------ Recorded information

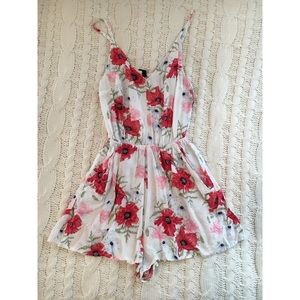 ✨3 for $35✨ NWOT Floral Romper //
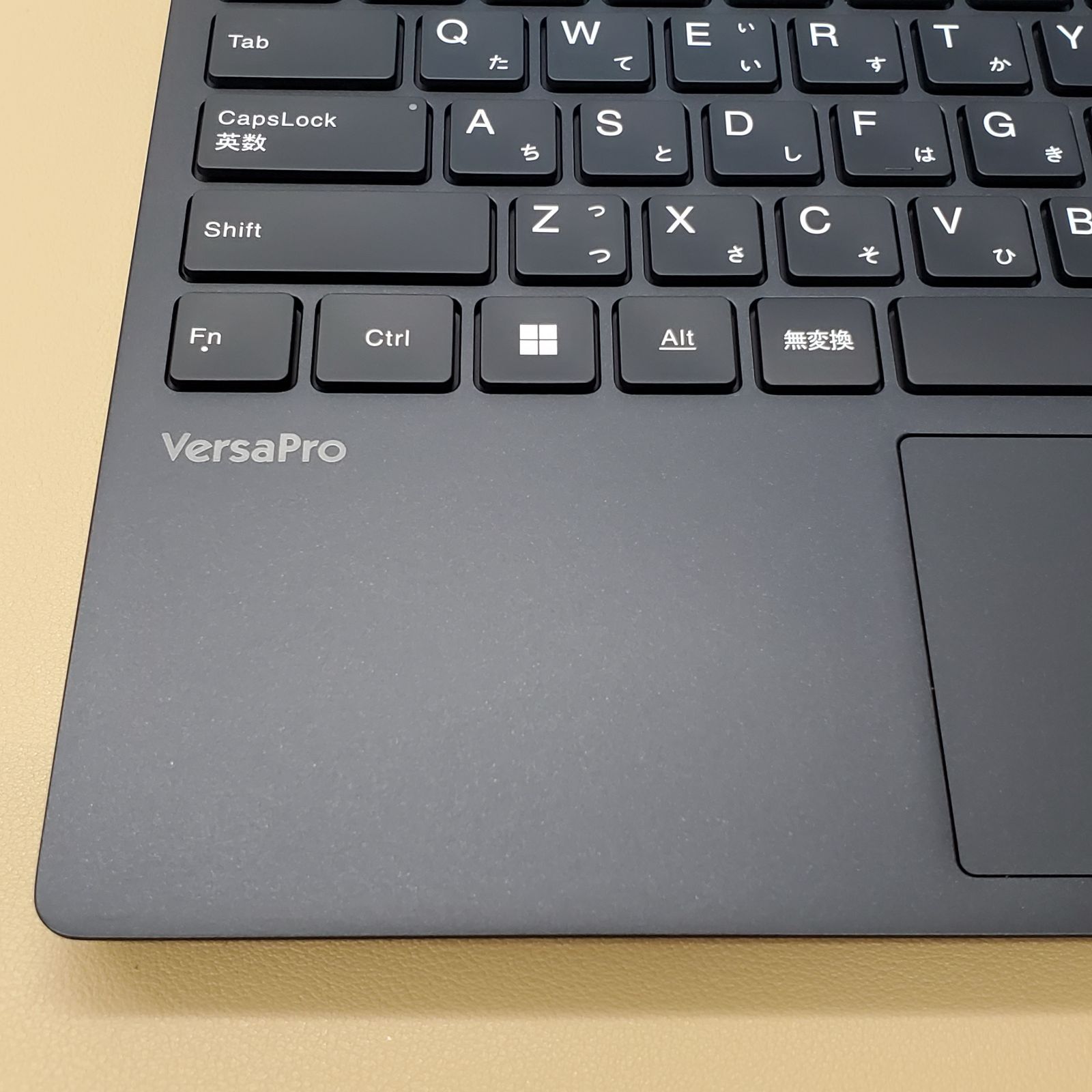 13.3型ノートパソコン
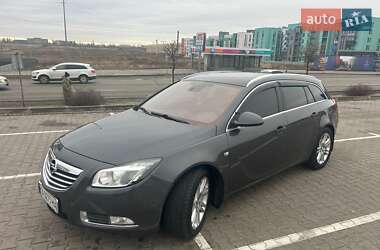 Универсал Opel Insignia 2011 в Киеве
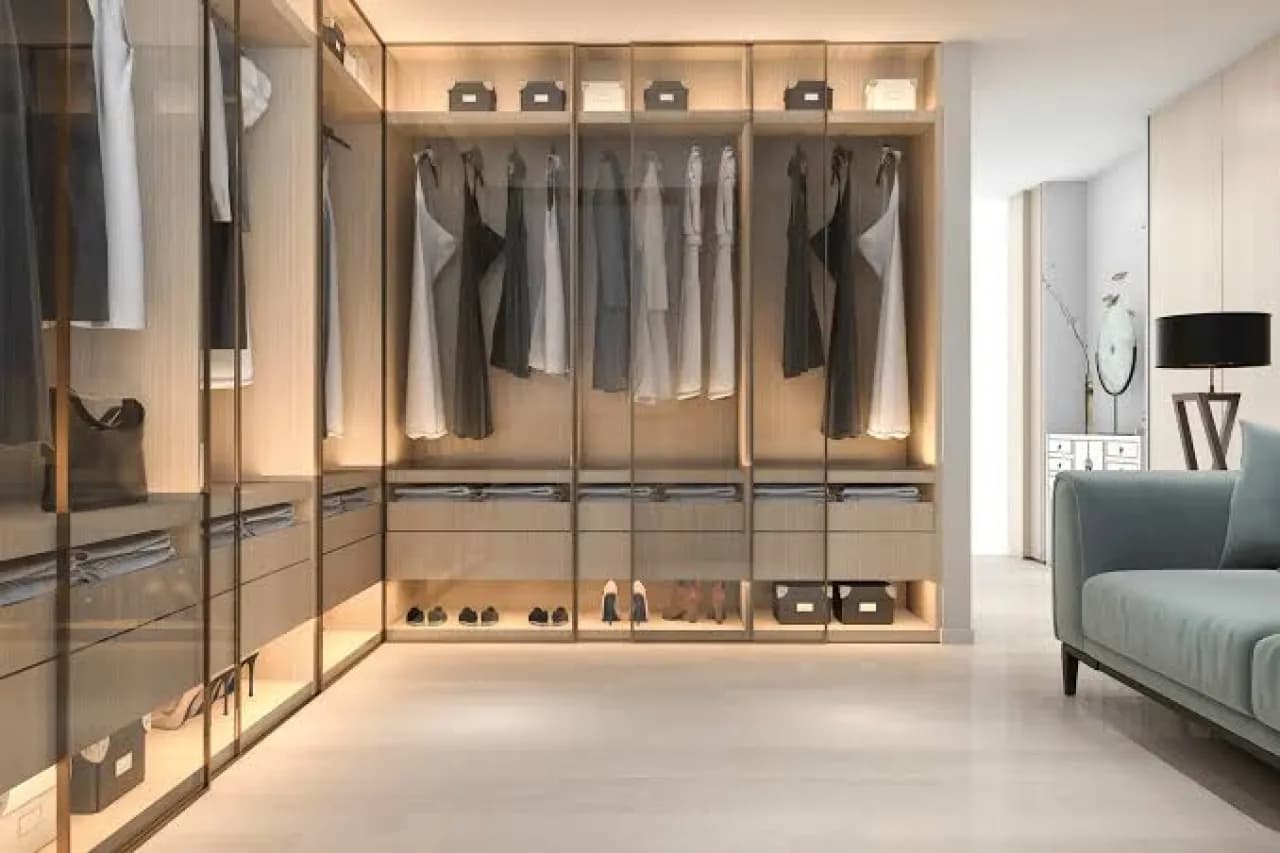 الأردن رجل يختبئ داخل خزانة ويحمل سكين في الحبس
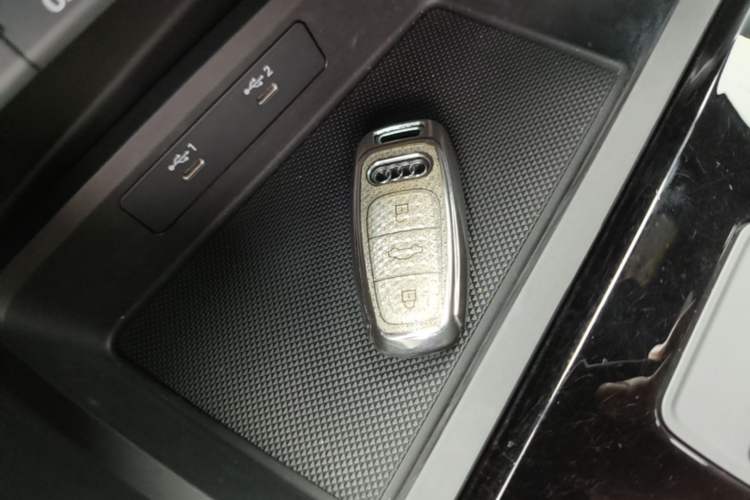 Used Audi A3 2022 A3L Limousine 35 TFSI Fashion Sport Model Vehicle Key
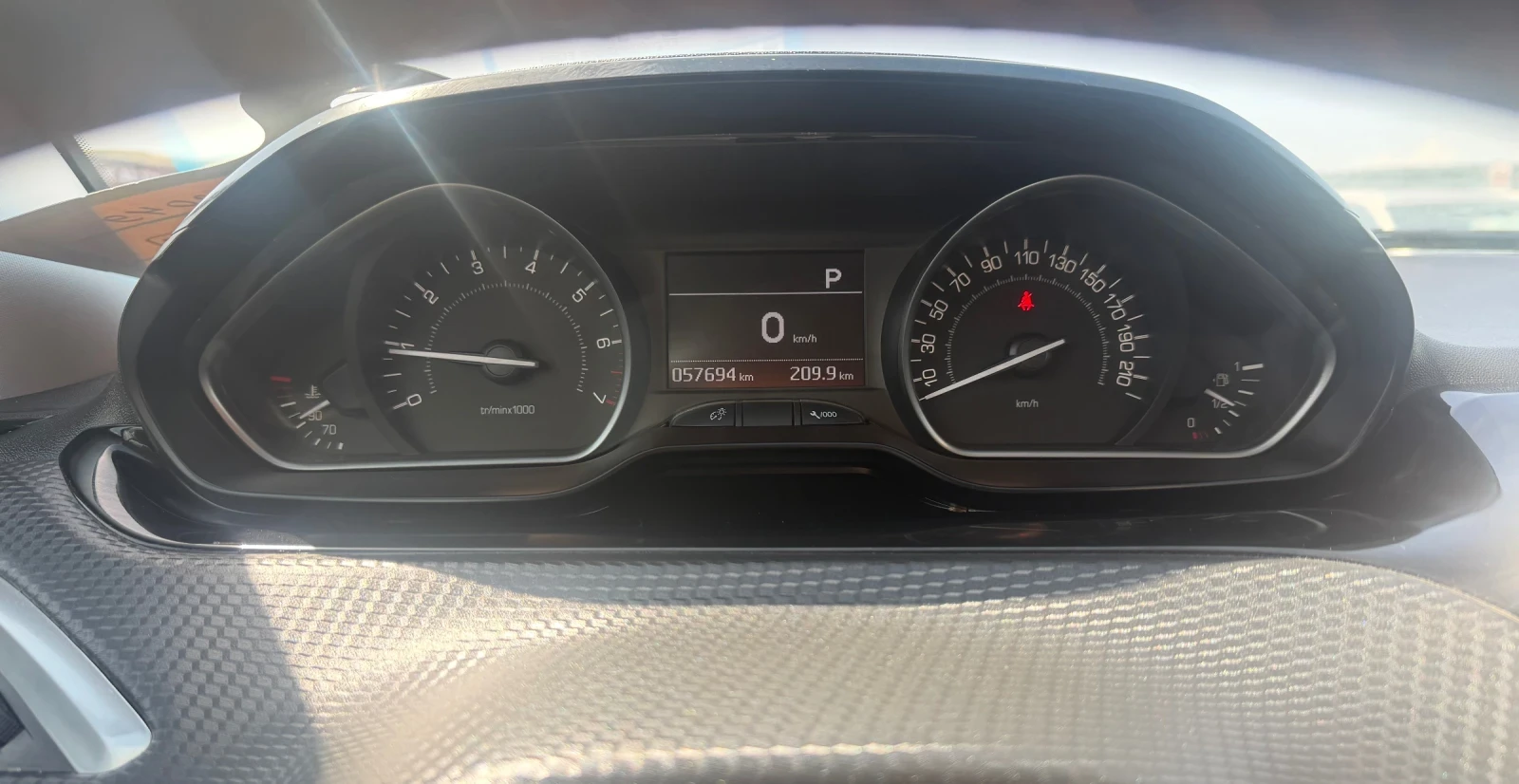 Peugeot 208 AUTOMATIC KTEO COC 2019г!!!, снимка 10 - Автомобили и джипове - 55641412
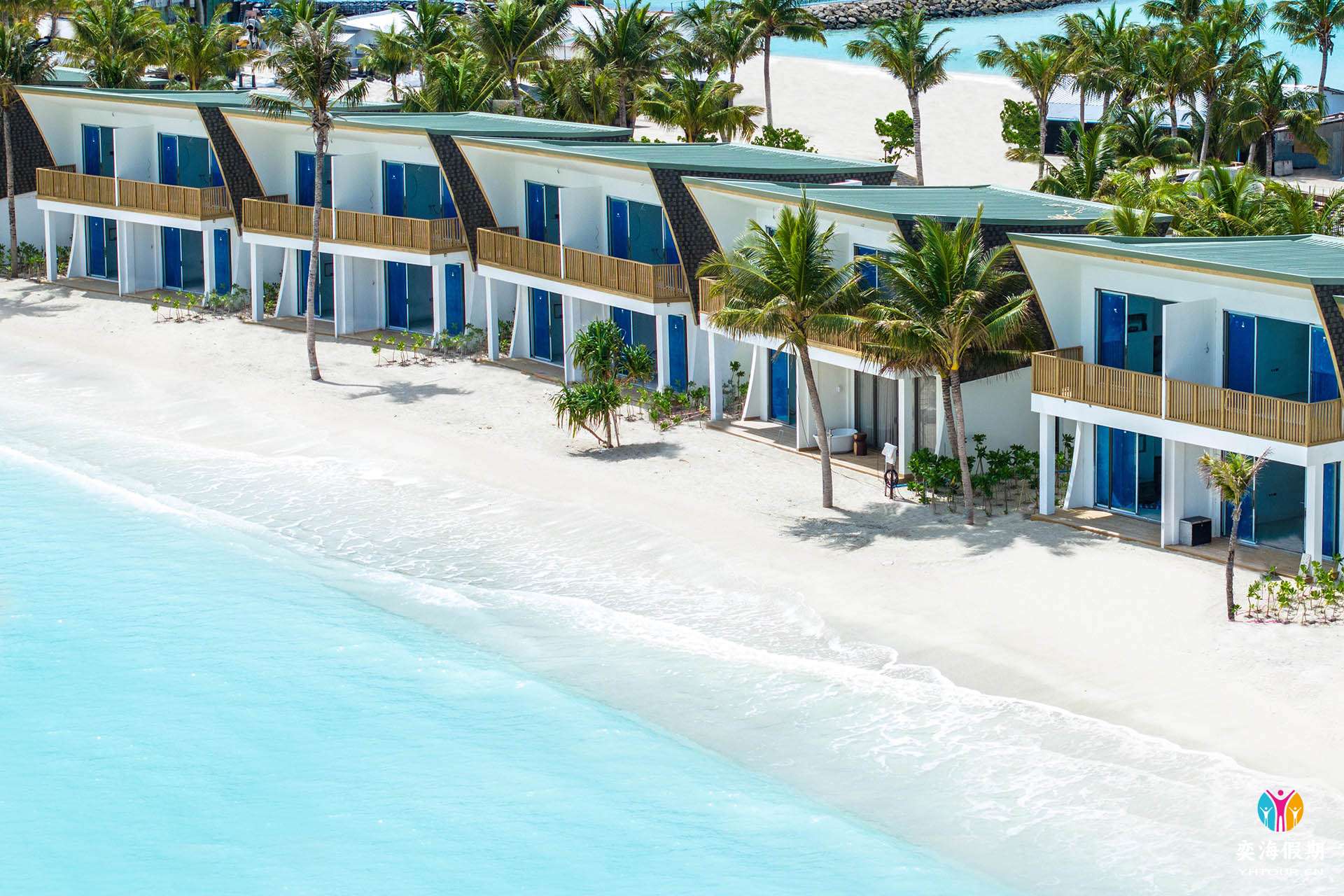 Panoramic Lagoon Room6.jpg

------------

(How to complete this task): Please transcribe the listing above verbatim and exclude every picture.

(Response area):
 ✨3 for $35✨ NWOT Floral Romper //
 13.3型ノートパソコン
 Универсал Opel Insignia 2011 в Киеве
 الأردن رجل يختبئ داخل خزانة ويحمل سكين في الحبس
 Used Audi A3 2022 A3L Limousine 35 TFSI Fashion Sport Model Vehicle Key
 Peugeot 208 AUTOMATIC KTEO COC 2019г!!!, снимка 10 - Автомобили и джипове - 55641412
 Panoramic Lagoon Room6.jpg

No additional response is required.